Bobby Setter traveled all the way from Belgium to be in New Orleans for the second line. Setter is a pianist who toured Europe with Fats Domino four times since 1974.
"I saw him, seven weeks ago. That was the last time I saw him alive,” Setter said. “I didn't expect that it was going to be so quick, so fast."
A painful loss for a friendship that was about much more than music.
"I never met such a lovely, gentle, honest, Christian person in my life," Setter said.
Singer Charmaine Neville said Fats changed her life.
"He gave us a lot to remember, Neville said. “Not just his music, but his spirit. Because he taught me a lot of things. And you know, I don't think there's a musician -- in this city -- who knew Fats and he didn't learn or teach something to."
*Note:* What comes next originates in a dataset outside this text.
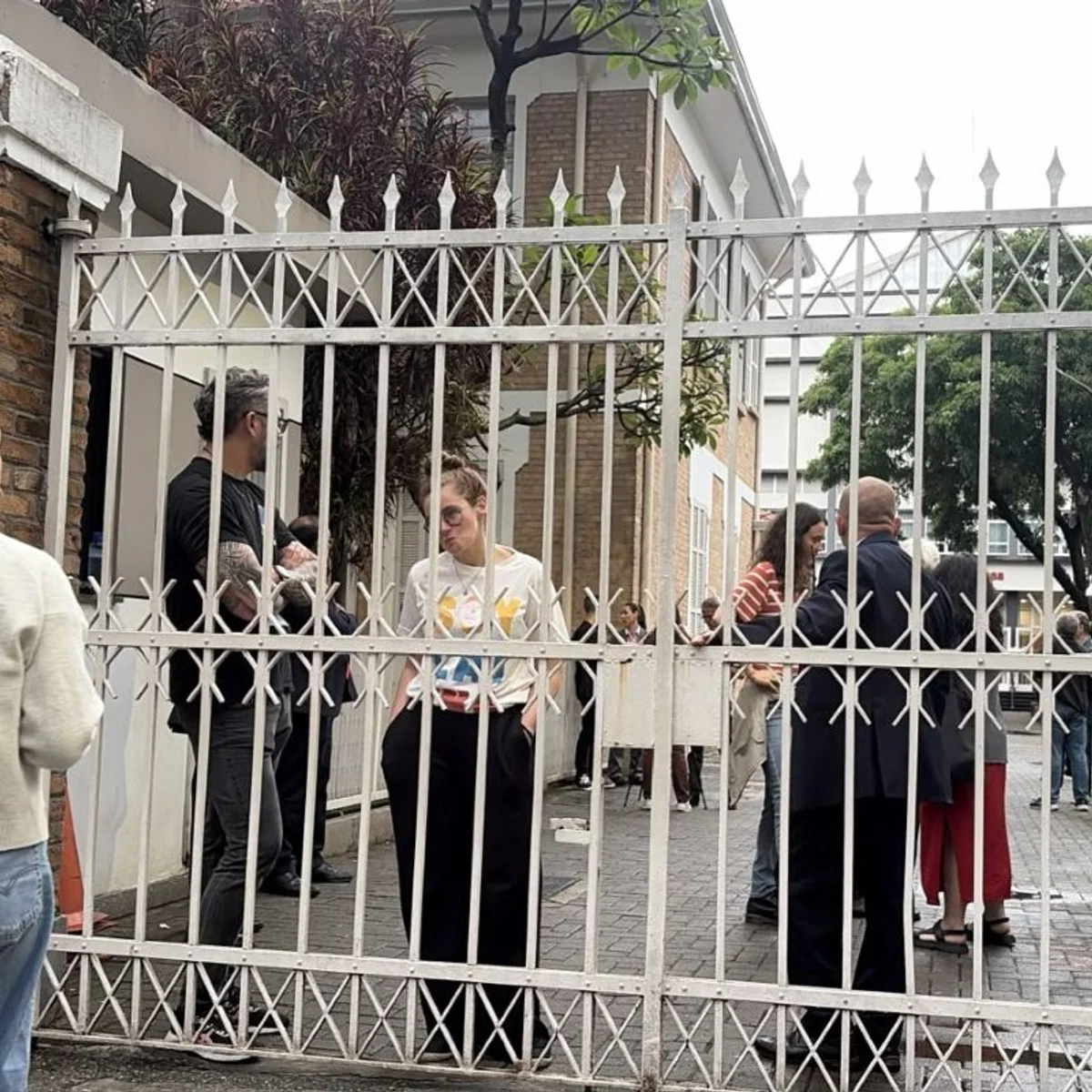 Mesários "perdidos" esperam orientação sobre reabertura de urnas em SP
Fats Domino’s great nephew Floyd Domino Jr. says that wherever he travels, people want to know about his legendary relative.
"That's all I've been getting is just love,” Floyd Domino Jr. said. “When they find out my name and my last name -- and things you know. Oh man, it's so amazing!"
As the sun set, local musicians gathered on Fats Domino’s front porch, the gateway to what is what’s become a shrine to rock ‘n roll music and the man many say started it all.